Top of Entries shown
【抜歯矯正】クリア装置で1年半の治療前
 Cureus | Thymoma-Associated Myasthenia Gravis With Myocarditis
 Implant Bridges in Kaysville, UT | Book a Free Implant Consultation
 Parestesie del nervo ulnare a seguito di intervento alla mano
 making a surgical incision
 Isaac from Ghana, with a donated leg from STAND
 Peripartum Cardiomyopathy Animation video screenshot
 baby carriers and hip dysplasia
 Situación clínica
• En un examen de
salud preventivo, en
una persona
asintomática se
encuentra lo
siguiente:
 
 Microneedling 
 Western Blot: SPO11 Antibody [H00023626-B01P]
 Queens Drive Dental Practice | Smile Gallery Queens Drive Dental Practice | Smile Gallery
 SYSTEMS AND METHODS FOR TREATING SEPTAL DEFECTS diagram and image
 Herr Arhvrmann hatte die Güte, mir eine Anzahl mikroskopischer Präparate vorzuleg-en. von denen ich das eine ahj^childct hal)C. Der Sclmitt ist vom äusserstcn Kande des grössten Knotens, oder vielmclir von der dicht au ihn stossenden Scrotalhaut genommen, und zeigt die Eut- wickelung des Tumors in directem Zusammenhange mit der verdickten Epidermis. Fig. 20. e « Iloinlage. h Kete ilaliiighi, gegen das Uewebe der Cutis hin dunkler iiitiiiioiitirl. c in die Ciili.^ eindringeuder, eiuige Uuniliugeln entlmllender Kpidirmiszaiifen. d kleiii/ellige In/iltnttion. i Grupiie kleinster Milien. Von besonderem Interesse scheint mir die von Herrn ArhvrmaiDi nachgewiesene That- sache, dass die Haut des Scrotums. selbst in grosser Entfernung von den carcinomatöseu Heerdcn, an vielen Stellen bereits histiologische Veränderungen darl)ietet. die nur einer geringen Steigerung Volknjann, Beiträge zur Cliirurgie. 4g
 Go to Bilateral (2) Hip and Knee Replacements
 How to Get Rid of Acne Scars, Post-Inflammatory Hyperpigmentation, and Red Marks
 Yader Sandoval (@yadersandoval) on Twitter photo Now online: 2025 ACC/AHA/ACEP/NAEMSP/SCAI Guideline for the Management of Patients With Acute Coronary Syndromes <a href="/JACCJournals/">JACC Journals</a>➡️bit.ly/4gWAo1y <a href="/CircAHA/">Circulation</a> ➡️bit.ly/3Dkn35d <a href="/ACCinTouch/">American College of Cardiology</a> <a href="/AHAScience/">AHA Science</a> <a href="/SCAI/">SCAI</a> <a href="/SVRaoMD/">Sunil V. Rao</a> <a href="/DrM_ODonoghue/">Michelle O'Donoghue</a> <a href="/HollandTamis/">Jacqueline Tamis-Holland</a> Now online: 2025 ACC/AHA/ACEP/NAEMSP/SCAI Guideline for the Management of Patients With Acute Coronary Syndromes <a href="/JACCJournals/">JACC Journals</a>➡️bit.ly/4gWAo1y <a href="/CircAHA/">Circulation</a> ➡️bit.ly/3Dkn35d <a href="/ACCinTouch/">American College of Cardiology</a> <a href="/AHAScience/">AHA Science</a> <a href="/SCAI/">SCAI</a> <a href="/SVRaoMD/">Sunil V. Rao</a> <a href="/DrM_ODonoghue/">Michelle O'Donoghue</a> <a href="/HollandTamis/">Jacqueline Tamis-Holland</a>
Bottom of Entries shown
Exercise instructions – Where the line holding "Cureus | Thymoma-Associated" appears in the listing above, start reproducing exactly, and end with the line holding "SYSTEMS AND METHODS".

Answer area –
 Cureus | Thymoma-Associated Myasthenia Gravis With Myocarditis
 Implant Bridges in Kaysville, UT | Book a Free Implant Consultation
 Parestesie del nervo ulnare a seguito di intervento alla mano
 making a surgical incision
 Isaac from Ghana, with a donated leg from STAND
 Peripartum Cardiomyopathy Animation video screenshot
 baby carriers and hip dysplasia
 Situación clínica
• En un examen de
salud preventivo, en
una persona
asintomática se
encuentra lo
siguiente:
 
 Microneedling 
 Western Blot: SPO11 Antibody [H00023626-B01P]
 Queens Drive Dental Practice | Smile Gallery Queens Drive Dental Practice | Smile Gallery
 SYSTEMS AND METHODS FOR TREATING SEPTAL DEFECTS diagram and image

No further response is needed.